I got lots of pictures of school kids. The big green doors are a Havana school. The two boys sitting in a schoolhouse doorway are in Trinidad (notice the all-too-typical gaping hole in the building right at the entrance). That little girl with no uniform is a preschooler, standing in front of a two-room rural schoolhouse (you can see the edge of it on the right side of the frame). The close-up shots with pale blue backgrounds are on the porch of that school.
The uniforms are in fact “uniform” across the entire country. Those “neckerchiefs” seemed to be a nice touch, but my inquiries about the significance of the different colors revealed that the scarves signified the kids’ enrollment and participation in the “Pioneers” group. Their slogan (which the school kids have to chant as their “pledge of allegiance”) begins: “Pioneers for Communism.” Suddenly the neckerchiefs weren’t nearly as endearing.

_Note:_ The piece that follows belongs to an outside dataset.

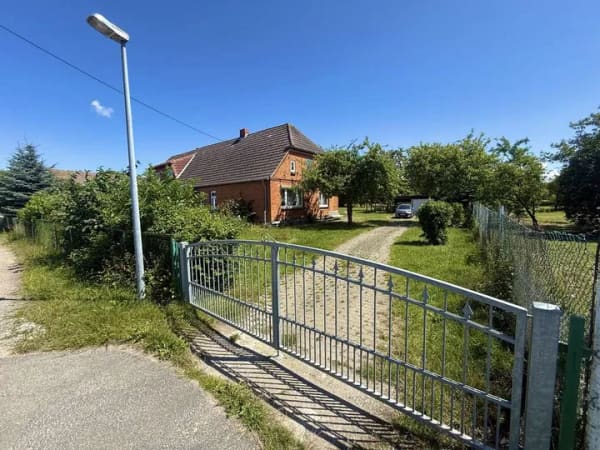 Immobilie in Zierow - Seltene Gelegenheit: Zwei Doppelhaushälften auf insgesamt großzügigem Grundstück nahe der Ostsee..!! - Bild 2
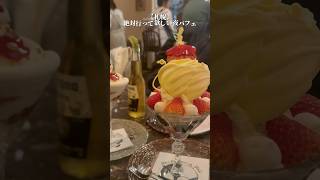 絶対行って欲しい夜パフェ【札幌】夜パフェ専門店 Parfaiteria PaL (パフェテリア パル)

Actually, the long form of that slogan is “Pioneers for Communism; we will be like Che.” “Che” is Che Guevara, who was a key leader in the 1950s revolution that put the Castros and Communists in power. Lots of propaganda and patriotic discourse in Cuba focus on “La Revolucion,” which seems to frame Cubans’ political thinking as “Are you better off now than you were fifty-four years ago?” Contrasting the Castro regime to the 1950s Cuba with an even-worse previous leader/dictator (Batista) yields far more favorable comparison than comparing the current regime against all the progress and possibilities of 21st-century capitalism and democracy. That focus is reinforced with the ever-present iconic image of Che Guevara. That picture is everywhere. Everywhere.
Other government slogans and billboards (often painted on the sides of buildings — even residential buildings) refer to “Defendiendo Socialismo” (defending socialism), or to the evils of capitalism. The Castros apparently don’t see the irony in the fact that those signs mostly stand amid dilapidation and squalor brought about by 50 years in a system that saps all signs of initiative, effort, ambition or personal responsibility.
There are also a lot of signs about the neighborhood “CDRs” – Committees for the Defense of the Revolution, which serve the happy purpose of monitoring every person on every block to ferret out any potential “counter-revolutionary” activity.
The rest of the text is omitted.